Recorded information Block Start
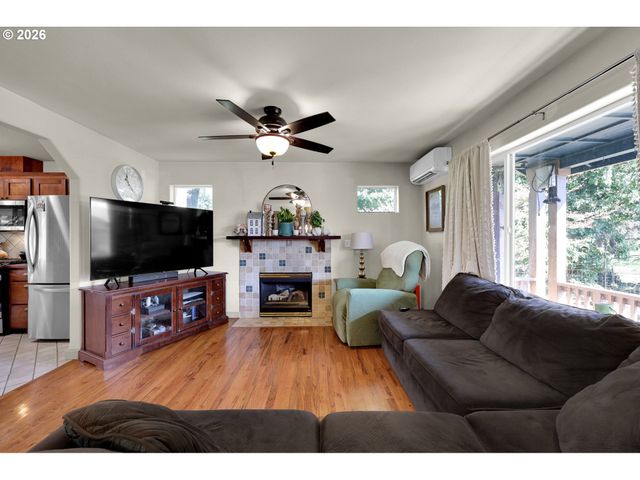 1375 Willow, Junction City, OR 97448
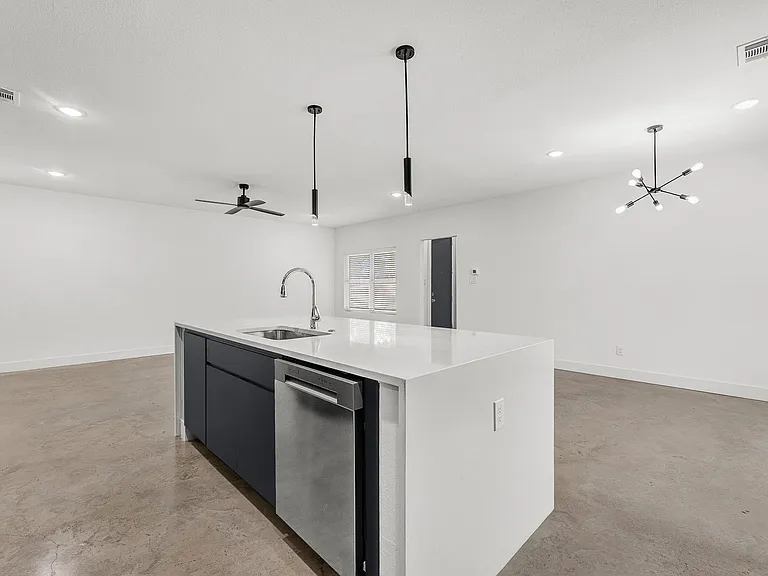3008 Alpha Wolf Ct — Photo 11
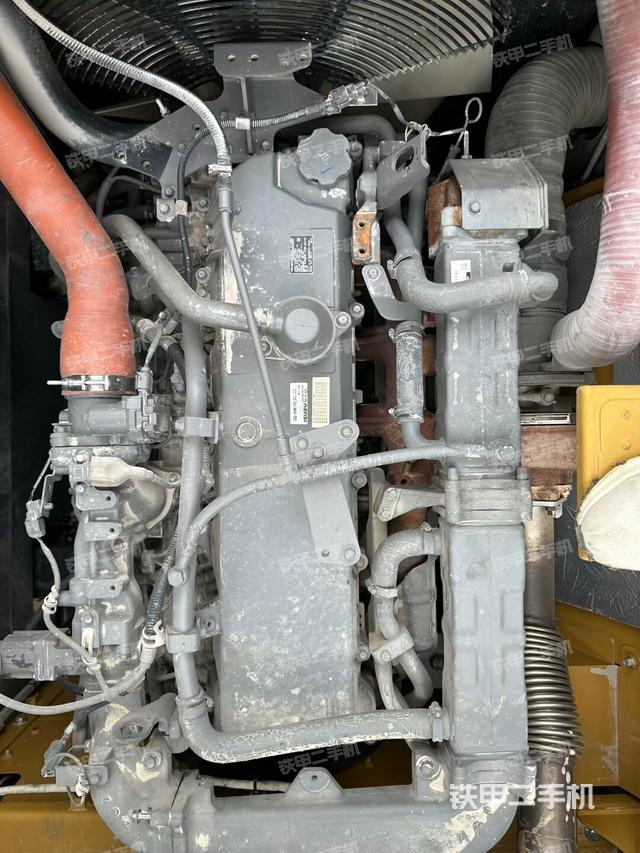 發(fā)動(dòng)機(jī)整體俯視（整機(jī)外觀）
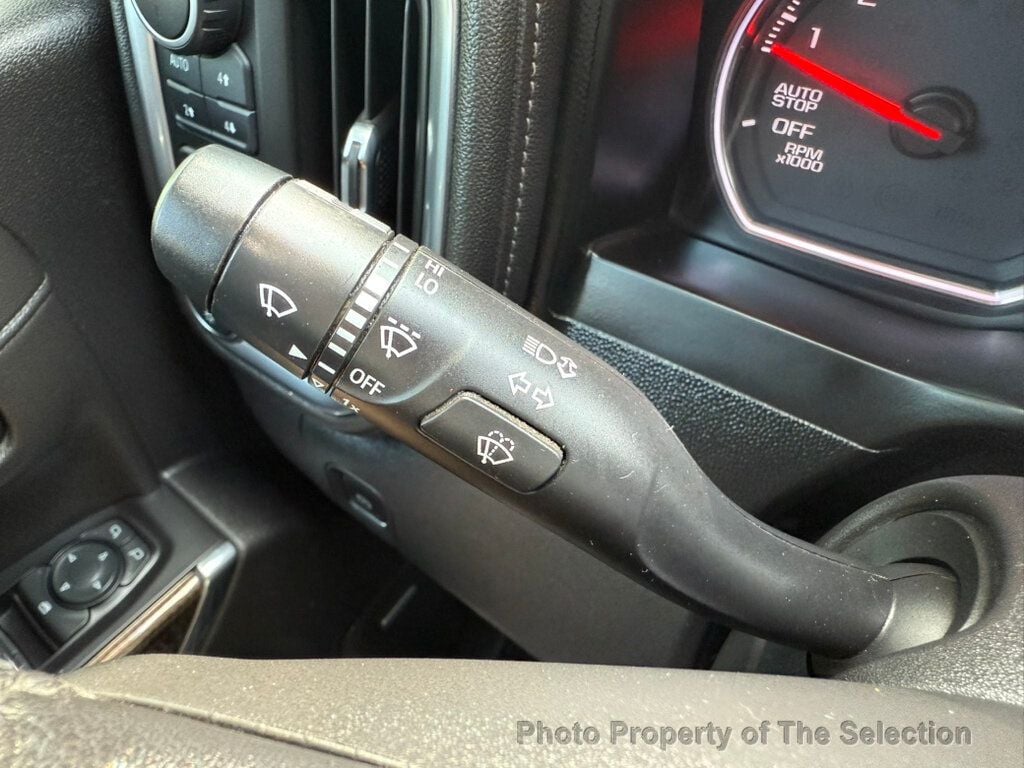 2019 Chevrolet Silverado 1500 RST photo 19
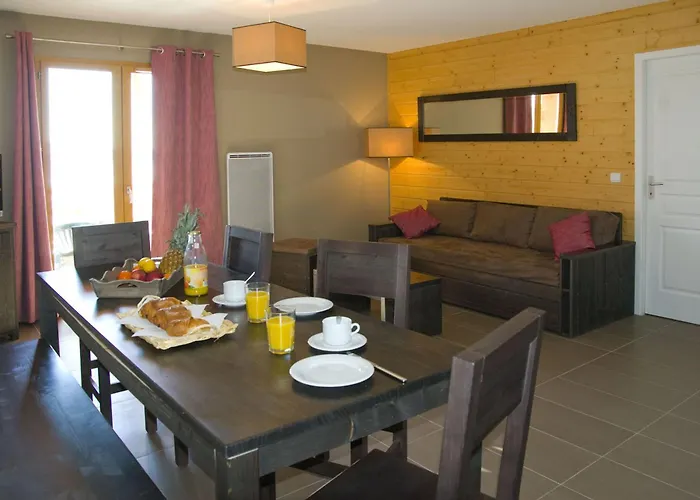 Lagrange Vacances Le Pic de l'Ours Font-Romeu-Odeillo-Via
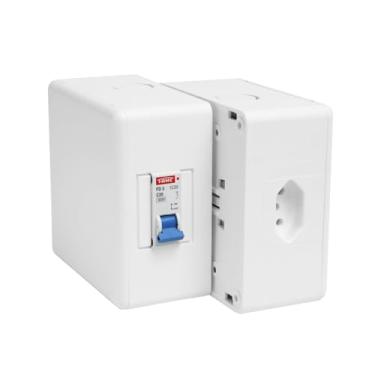 Imagem de CAIXA VERSÁTIL DISJUNTOR MONOPOLAR 20A E TOMADA 2P+T 20A/250V – FAME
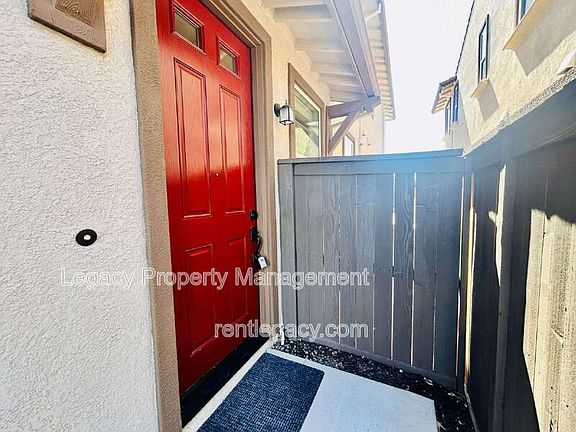 4th image of 4098 Azul Way
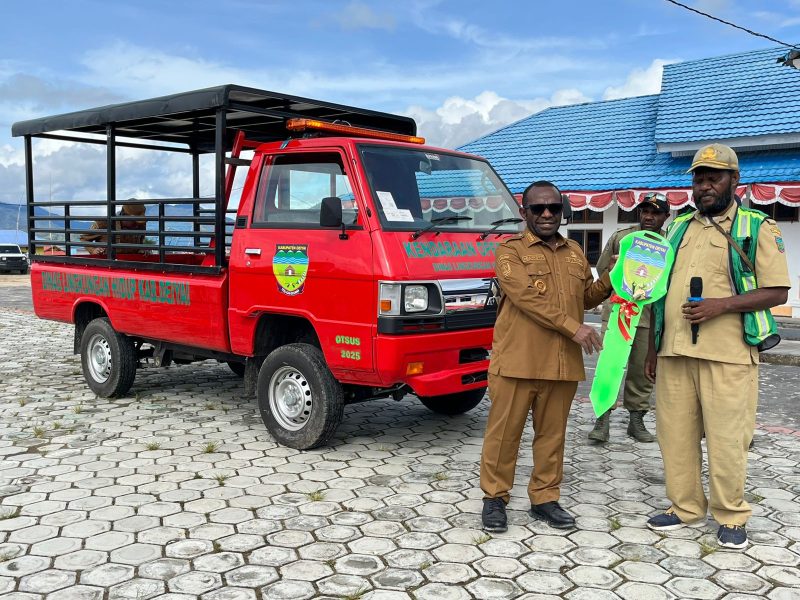 Bupati Deiyai, Melkianus Mote, ST, secara resmi menyerahkan kendaraan operasional baru kepada Dinas Lingkungan Hidup (DLH) untuk memperkuat armada kebersihan di wilayah kita.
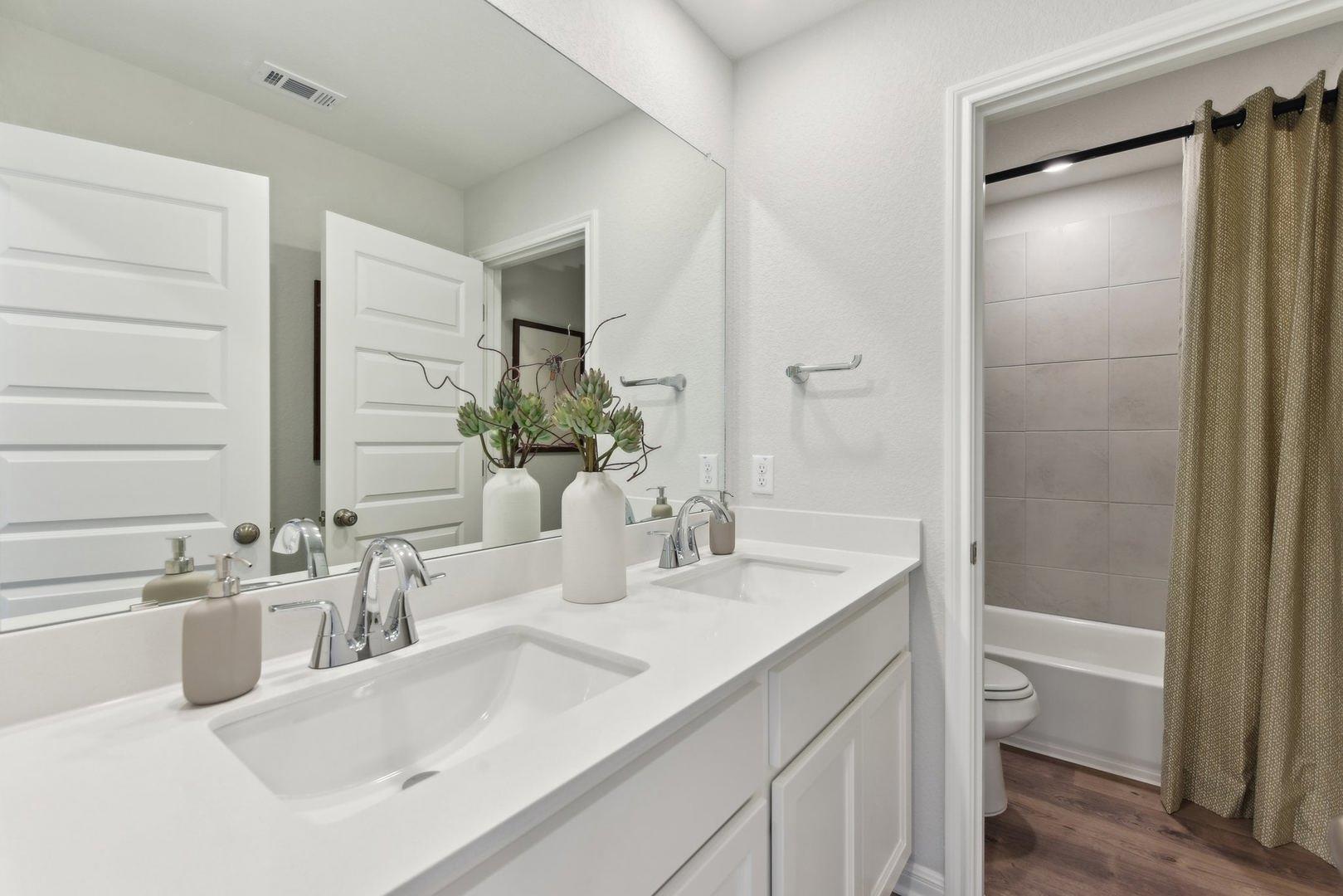 10932 Tallsalt DR — photo 5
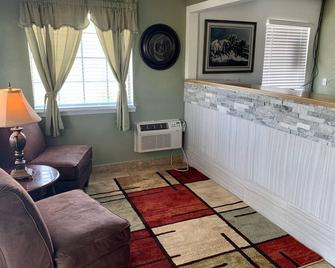 Hiway Inn Express - Elk City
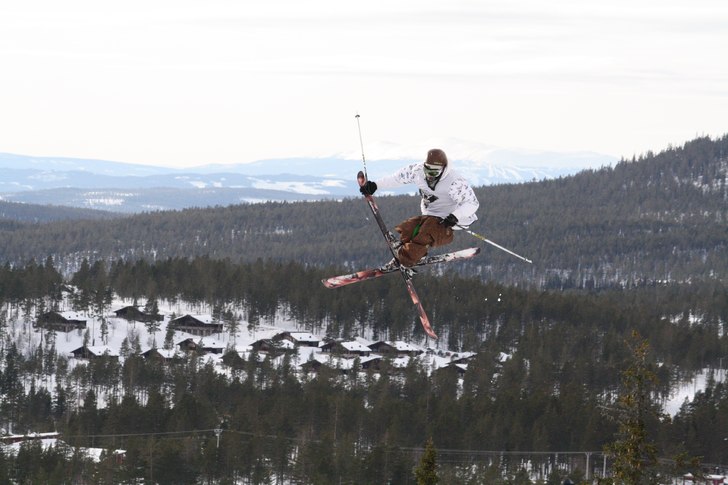 Uppvärming, SGA. Foto: Hampus Johansson. Åkare: Didrik Thorén.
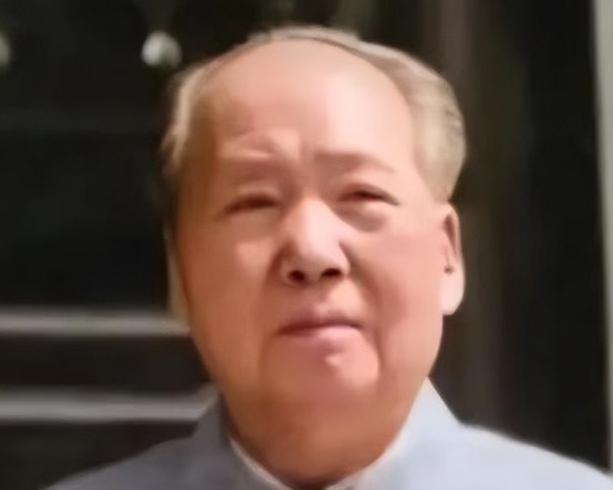 [狗头]1975年，已经82岁高龄的毛主席突然说：功德林里的国民党战犯，都放了算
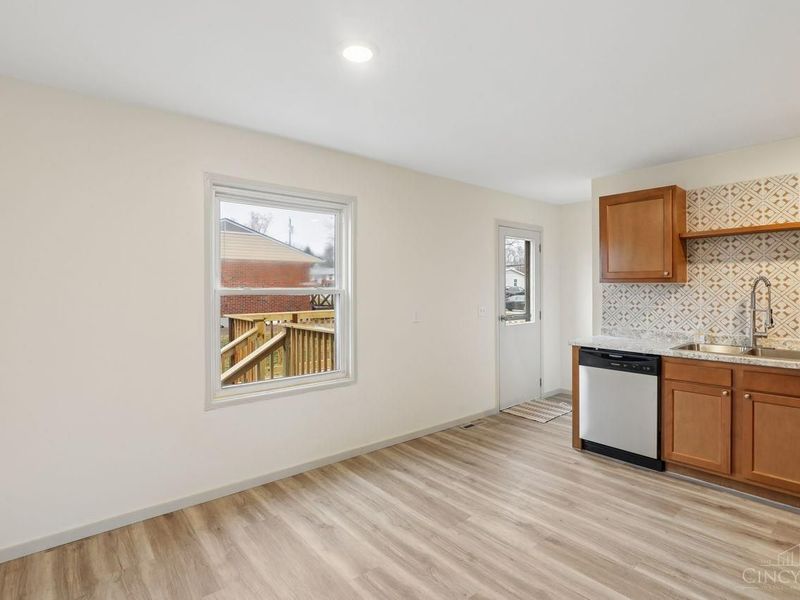 498 Odin Drive, Union Twp, OH 45244 Photo 12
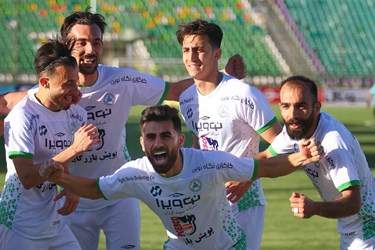 گزارش تصویری از دیدار تیمهای ذوب آهن و صنعت نفت آبادان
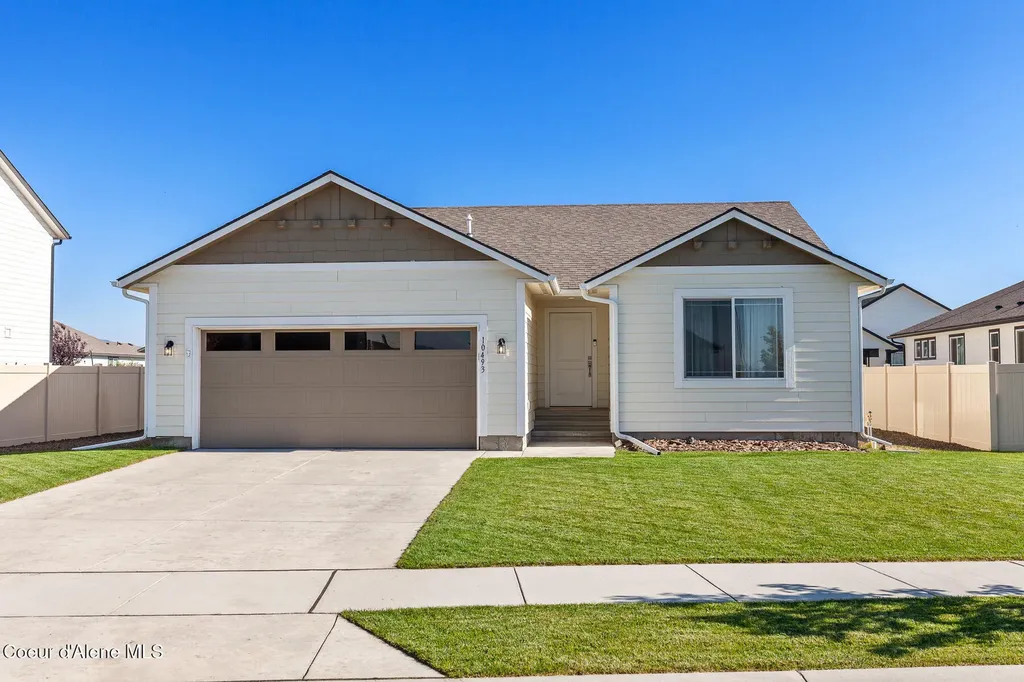 10493 N Belgrave Lp Hayden ID 83835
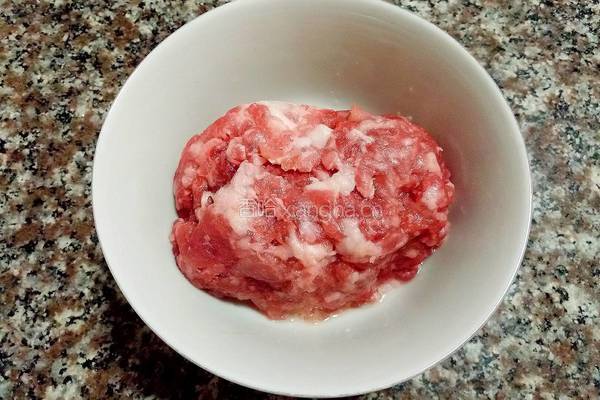 肉末烧二面黄的做法图解1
Recorded information Block End
» Brief:
From the first line through the line with "Imagem de CAIXA", output those lines of the entries above exactly, and nothing else, with the pictures left out.

» Answer to this exercise:
 1375 Willow, Junction City, OR 97448
3008 Alpha Wolf Ct — Photo 11
 發(fā)動(dòng)機(jī)整體俯視（整機(jī)外觀）
 2019 Chevrolet Silverado 1500 RST photo 19
 Lagrange Vacances Le Pic de l'Ours Font-Romeu-Odeillo-Via
 Imagem de CAIXA VERSÁTIL DISJUNTOR MONOPOLAR 20A E TOMADA 2P+T 20A/250V – FAME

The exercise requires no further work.